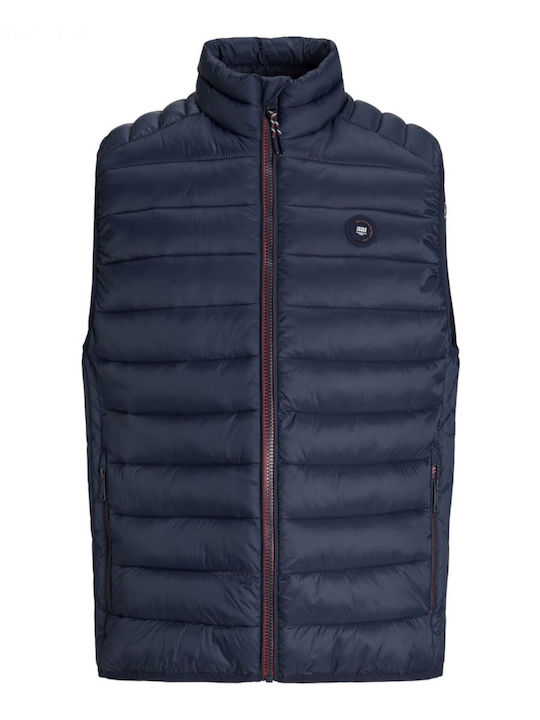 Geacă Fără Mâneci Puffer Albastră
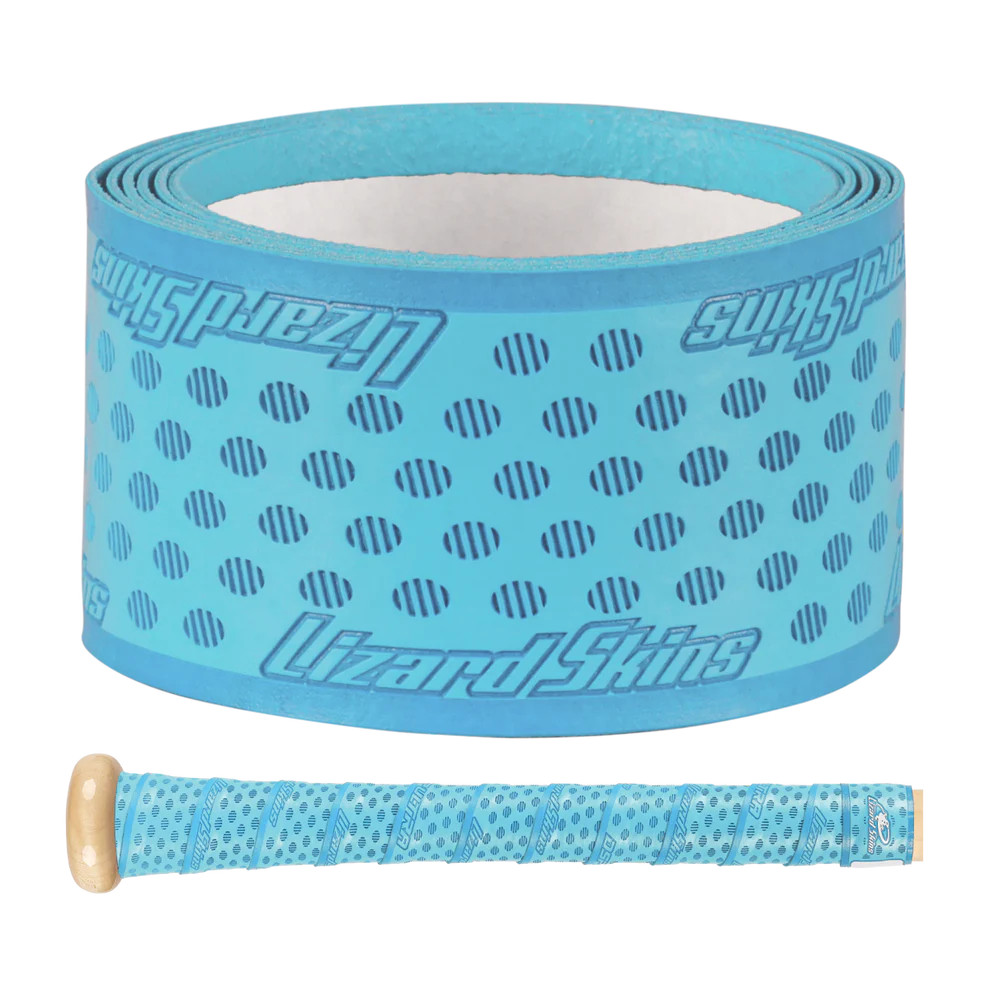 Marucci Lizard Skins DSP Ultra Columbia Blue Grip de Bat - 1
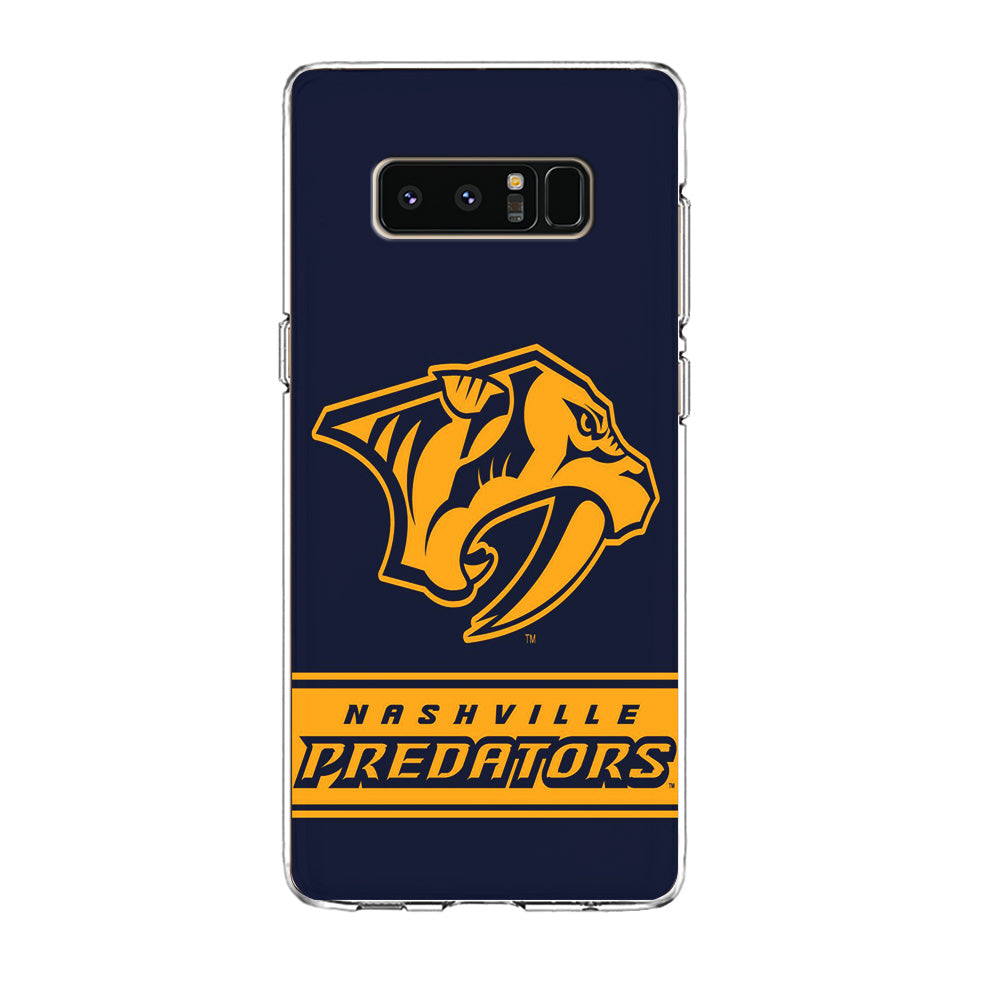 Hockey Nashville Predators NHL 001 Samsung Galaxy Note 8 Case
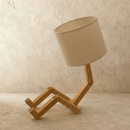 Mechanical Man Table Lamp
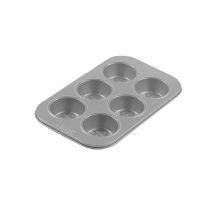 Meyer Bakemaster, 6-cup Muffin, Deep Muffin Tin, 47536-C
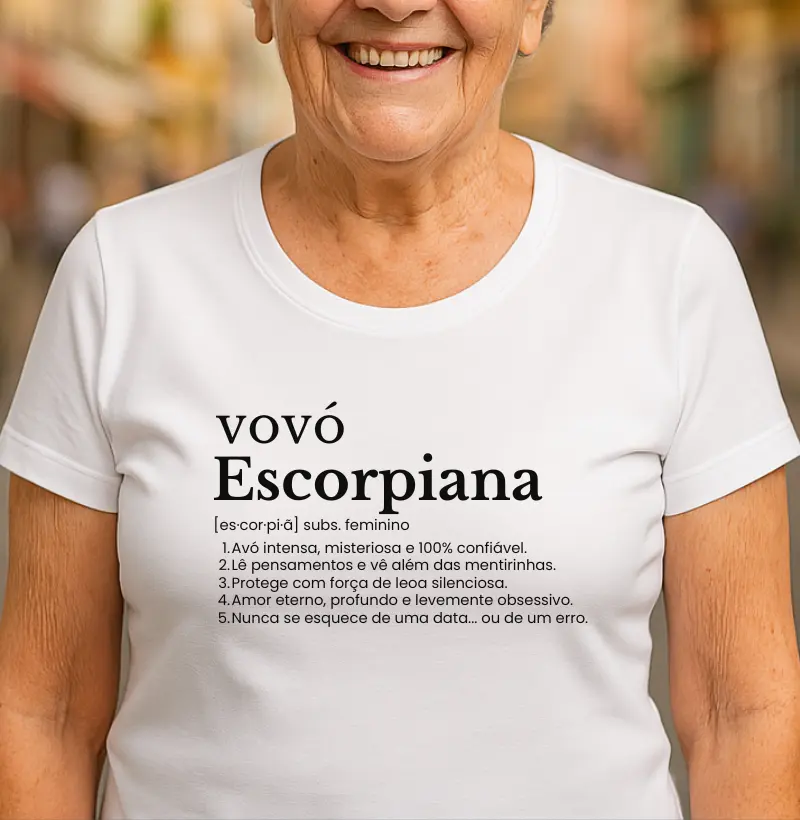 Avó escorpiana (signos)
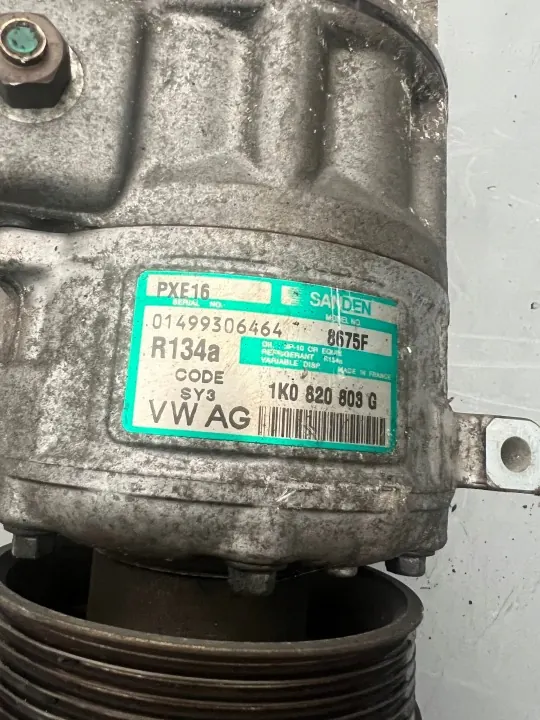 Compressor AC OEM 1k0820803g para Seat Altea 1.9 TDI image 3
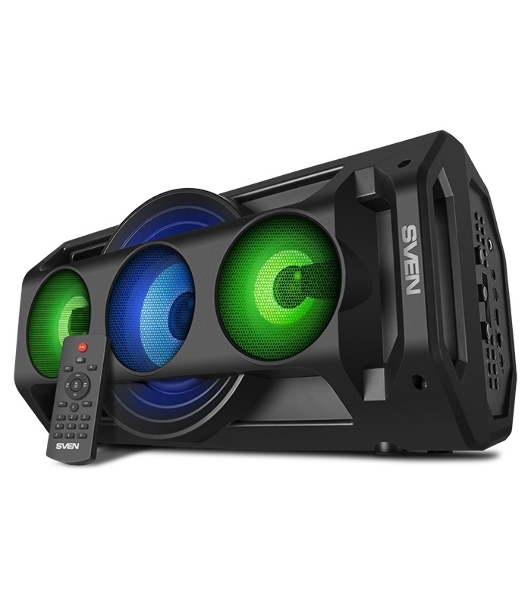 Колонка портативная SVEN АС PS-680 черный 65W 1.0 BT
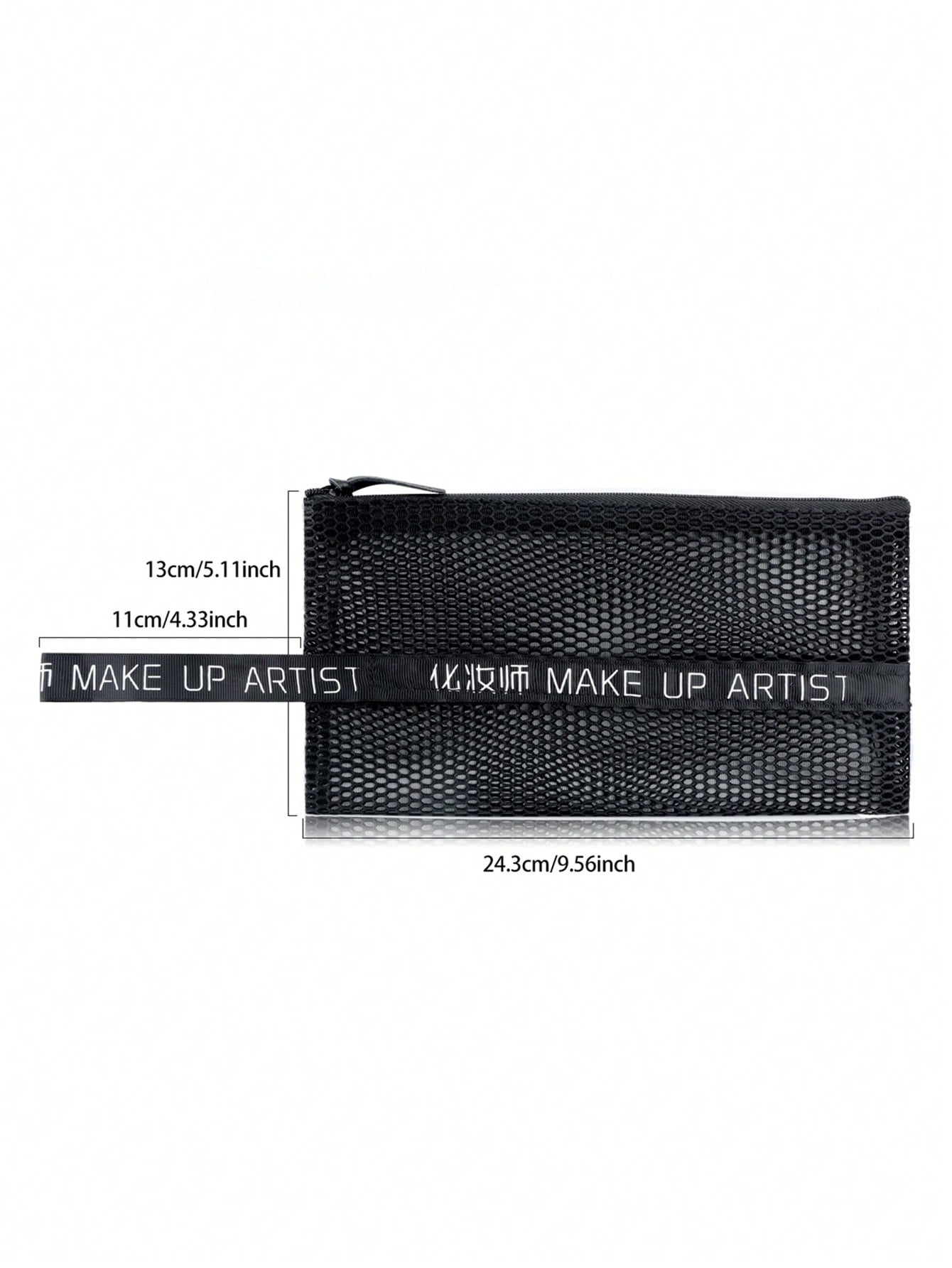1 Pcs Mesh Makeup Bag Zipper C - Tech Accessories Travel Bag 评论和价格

- - -

Task objective: Starting at the first line of the material above and ending with the line that contains "Compressor AC OEM", reproduce every line exactly, and leave out the pictures.

Finished task:
 Geacă Fără Mâneci Puffer Albastră
 Marucci Lizard Skins DSP Ultra Columbia Blue Grip de Bat - 1
 Hockey Nashville Predators NHL 001 Samsung Galaxy Note 8 Case
 Mechanical Man Table Lamp
 Meyer Bakemaster, 6-cup Muffin, Deep Muffin Tin, 47536-C
 Avó escorpiana (signos)
 Compressor AC OEM 1k0820803g para Seat Altea 1.9 TDI image 3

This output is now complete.